4. Pledge fund. A developed country government-backed fund that would identify and analyse smaller, relatively low-risk clean energy projects and offer these to investors that would pledge to invest a set amount of equity capital up front.

5. Subordinated equity fund. For higher risk clean energy projects, a government-backed fund would invest a proportion of the equity but receive returns last.

GCN estimates that for every US$1 of public finance invested, between US$2 and US$10 could be leveraged from the private sector by using these mechanisms. A GCN-Center for American Progress paper containing a greater level of detail on these mechanisms is published alongside this summary.

Findings from GCN national dialogues

The purpose of the national dialogues, which in some cases took the form of workshops and in others the form of face-to-face interviews, was to explore the barriers to private sector investment in low-carbon energy technologies, projects and programmes, and the potential policy solutions and instruments that could leverage private investment. Researchers from each GCN member organisation followed a common format that was agreed collectively beforehand. The following major themes emerged.

A. Barriers to private sector investment in low-carbon energy

A lack of policy instruments to guide investment; the relatively high costs of renewable energy technologies; high risks and relatively low returns; potential financers’ limited experience of clean energy technologies and lack of technical expertise to appraise investments in low-carbon sectors; and poor competition in energy markets, were all cited as barriers to private investment.

B. Performance of existing financial instruments and mechanisms

Subsidies for clean energy, such as feed-in tariffs, were viewed as important, alongside measures to incentivise banks to reduce lending to fossil fuel-based projects, existing international funds for climate mitigation, and use of the Clean Development Mechanism.

C. Role of the public sector

Public funds have a role in helping to make clean energy technologies commercially viable, especially by supporting research, development and demonstration, supporting deployment and commercialisation, and creating infrastructure to support low-carbon energy projects.

D. Views on GCN-proposed leveraging mechanisms

Loan guarantees and policy insurance mechanisms were seen as being the most useful of the five mechanisms proposed by GCN. A subordinated equity fund was viewed favourably in developing countries, but not in developed countries.
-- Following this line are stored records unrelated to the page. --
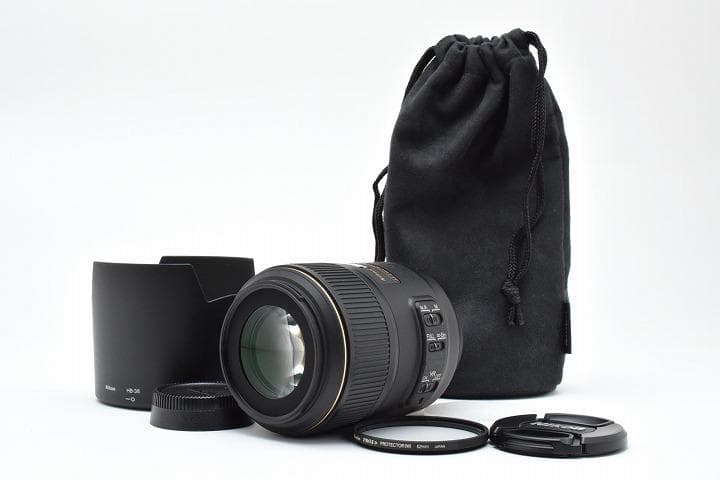 15517A 極上 NIKON AF-S MICRO 105mm F2.8 G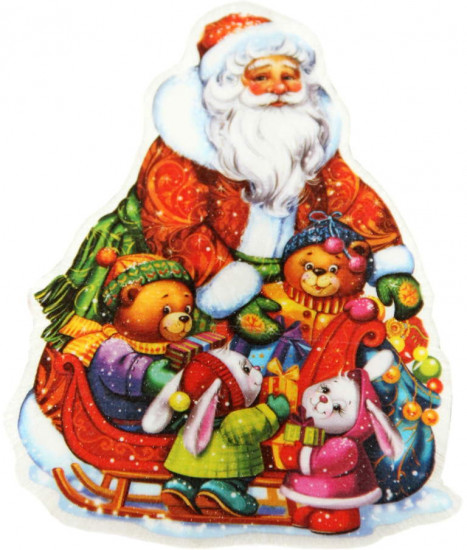 Украшение новогоднее с подсветкой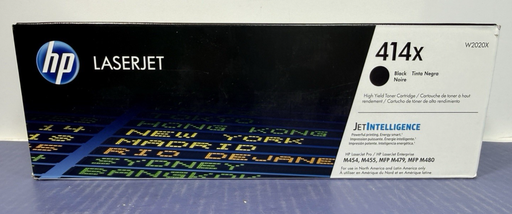 [13455-4] HP 414X LaserJet Genuine Black Toner Cartridge W2020X Brand New 2025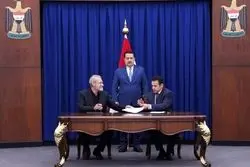 لاریجانی در بغداد: امنیت منطقه خط قرمز دو کشور است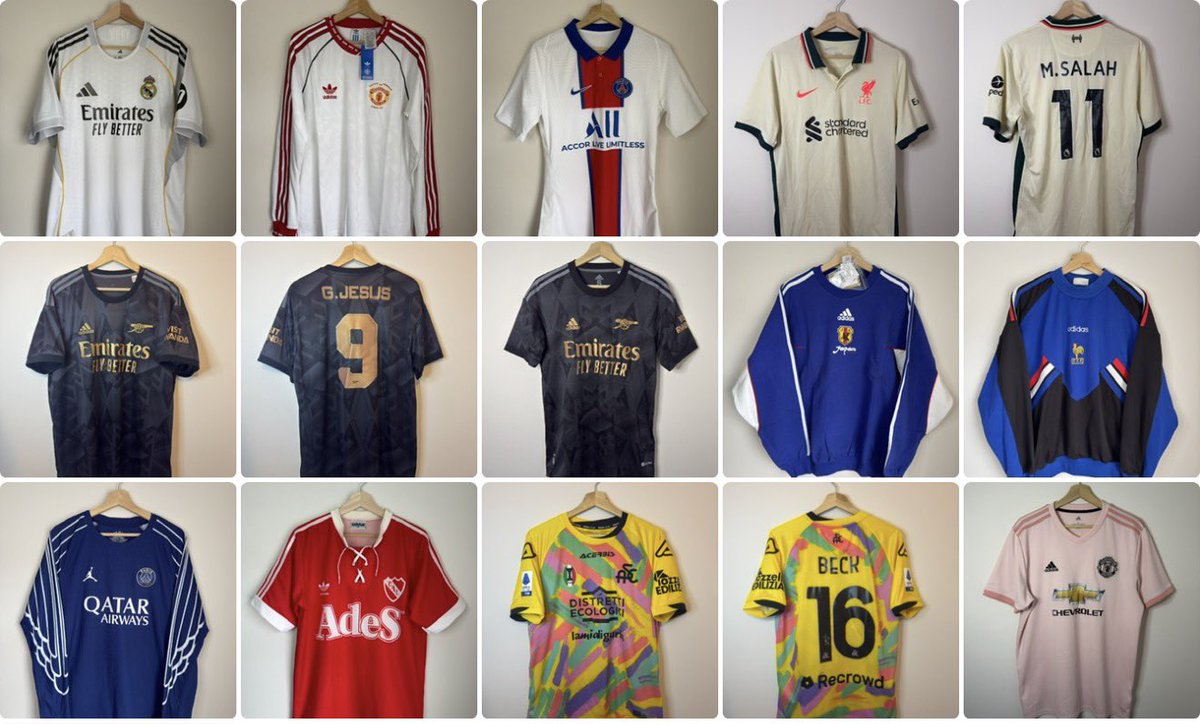 Jake Green - JMGFootballshirts tweet media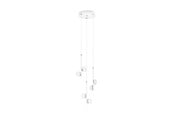 Lampor - EGLO OLINDRA KLUSTER 6X250LM KROM - 96931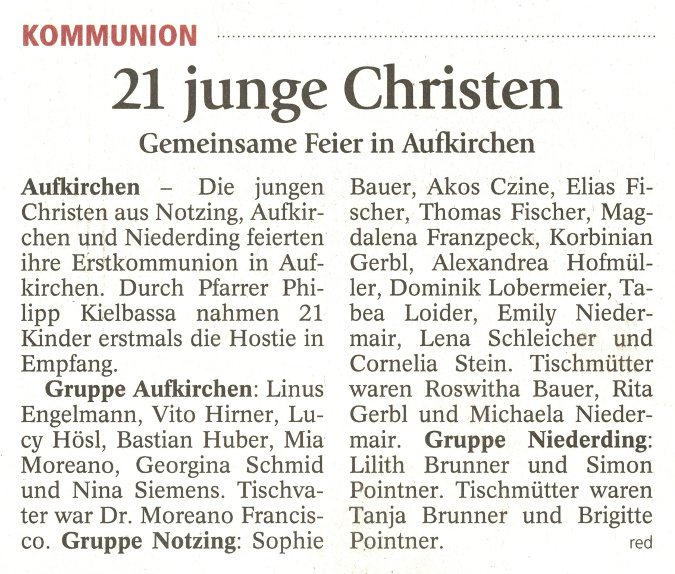 2018-05-23_Pressebericht_Erstkommunion_Aufkirchen_Notzing_Niederding_Erdinger_Anzeiger_03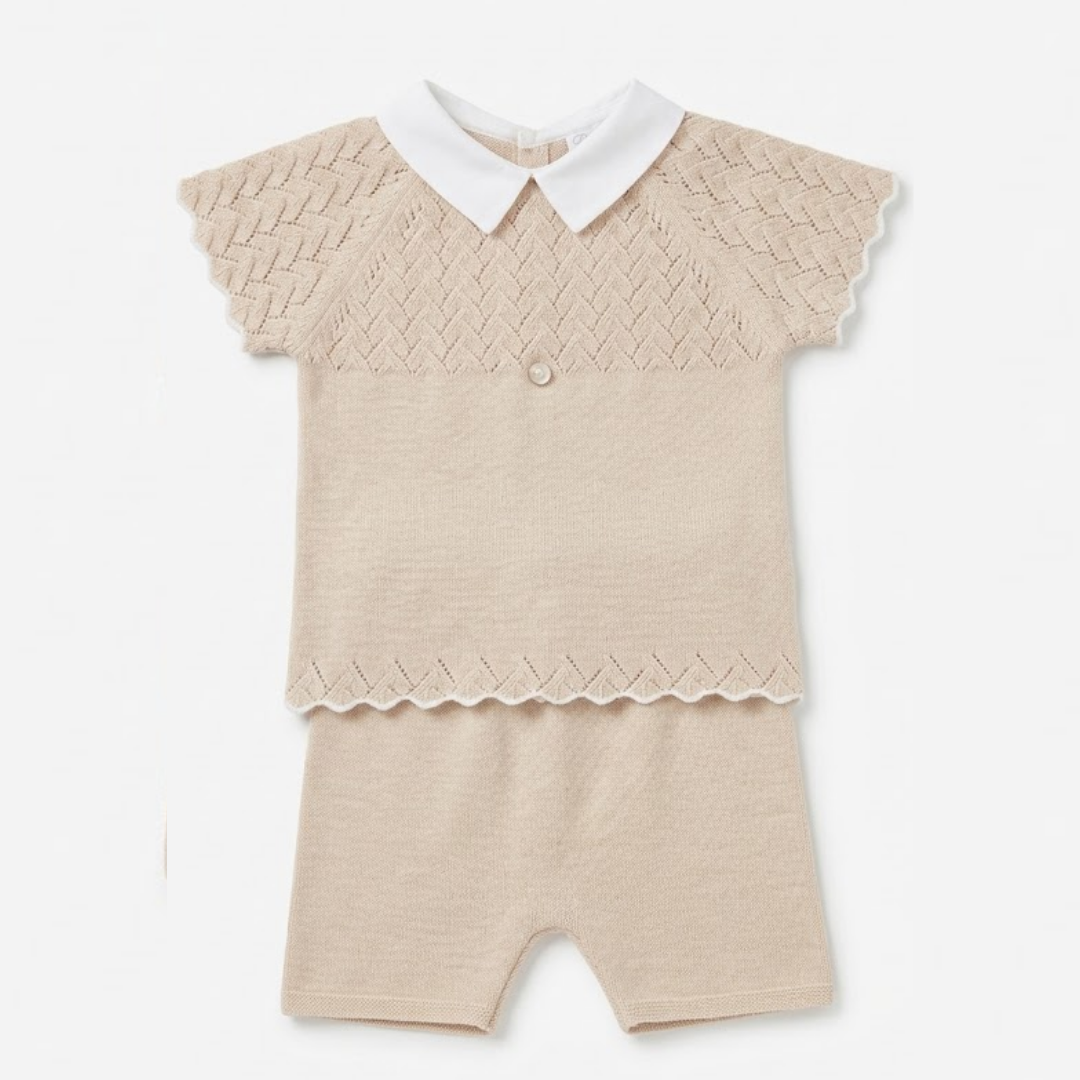 Conjunto beige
A foreign exchange liquidity facility was also considered important in the context of investments in developing countries in general.

Conclusions

GCN’s study, along with supporting literature, points to the need for an investment partnership between public and private sectors with three equally important key elements, all of which are critical in the development of an international climate change fund that is consistent with the UNFCCC.
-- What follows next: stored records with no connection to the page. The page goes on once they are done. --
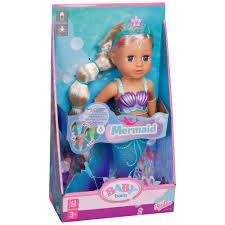 Baby Born Mermaid 43Cm - DOLLS - FAMOSA/ZAPF - Beattys of Loughrea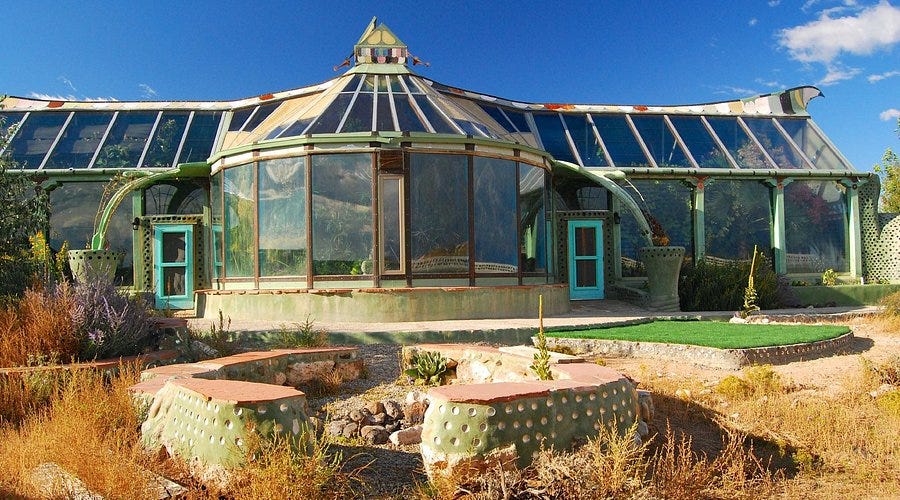EARTHSHIP BIOTECTURE (Taos, Nouveau-Mexique) : tarifs 2026 et avis
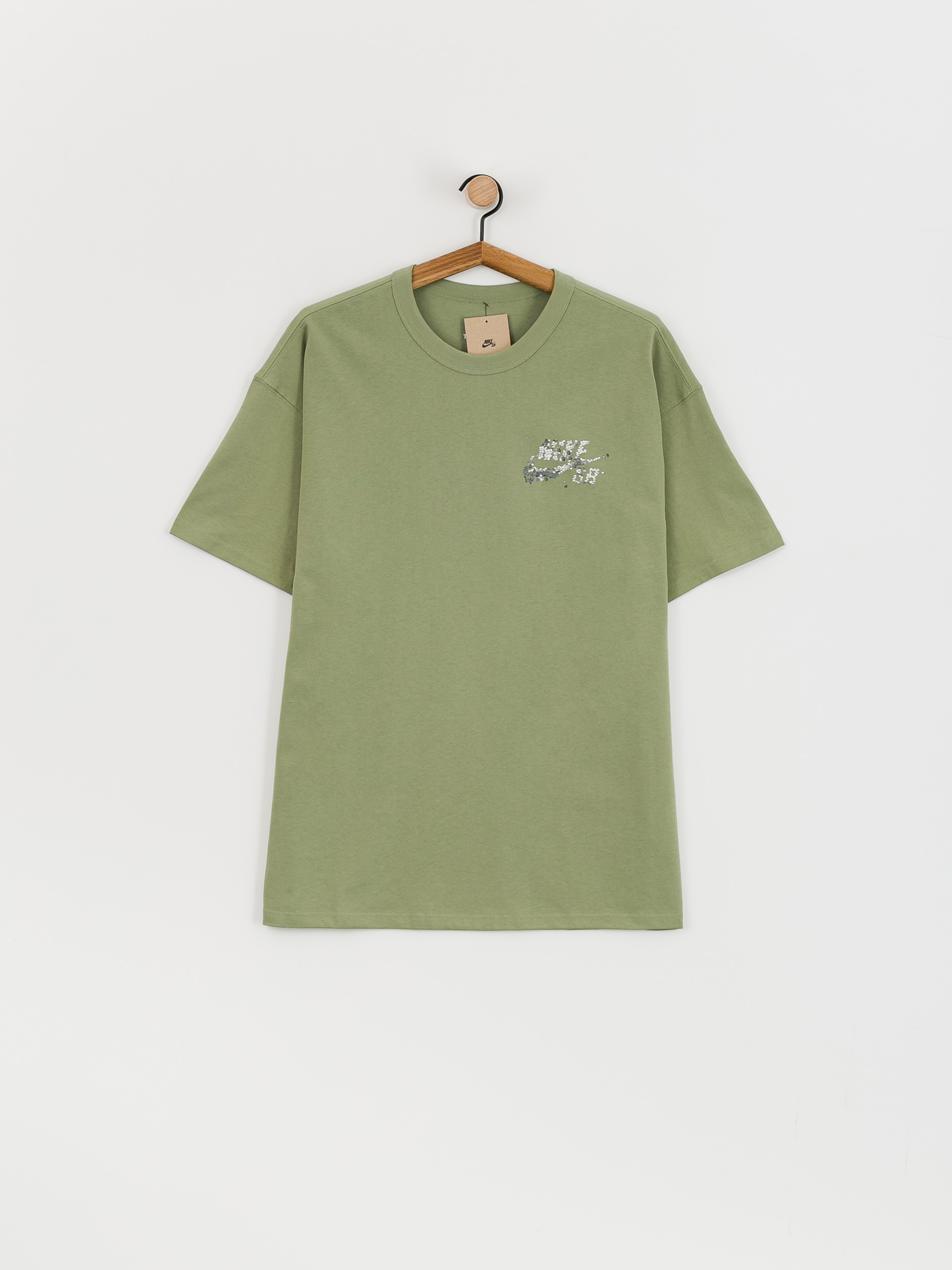 Nike SB M90 Sust Yuto T-shirt (oil green)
1. Using developed country public funds strategically: Governments collectively should allocate a proportion of the proposed $100 billion fund to foster an investment partnership with the private sector. This will help lower the costs of capital and, if successful, drive innovation, which will also make clean energy cheaper and so reduce the resulting incremental costs.

2. Ensuring stable long-term policy is in place in developing countries: A second key element in a clean energy investment public-private partnership is the use of deployment mechanisms and other public policy tools in developing countries to create the environment for private sector investment.
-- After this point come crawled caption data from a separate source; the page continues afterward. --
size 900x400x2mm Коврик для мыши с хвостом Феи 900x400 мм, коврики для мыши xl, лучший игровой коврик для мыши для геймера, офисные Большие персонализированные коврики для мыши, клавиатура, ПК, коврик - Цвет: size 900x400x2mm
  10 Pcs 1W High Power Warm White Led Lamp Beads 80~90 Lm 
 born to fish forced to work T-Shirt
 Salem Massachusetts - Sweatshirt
3. Addressing incremental costs: Finally, it is GCN’s view that there is a critical role for clean energy investment public-private partnerships in dealing with incremental costs. GCN’s study has primarily examined capital costs and investment barriers. As those challenges are met, however, the resulting deployment of clean energy will in most cases lead to a per-unit energy cost that is higher than that offered by incumbent sources. Any international fund must be capable of assisting with incremental costs too, ensuring that they do not fall on the shoulders of poorer consumers in developing countries with limited ability to pay.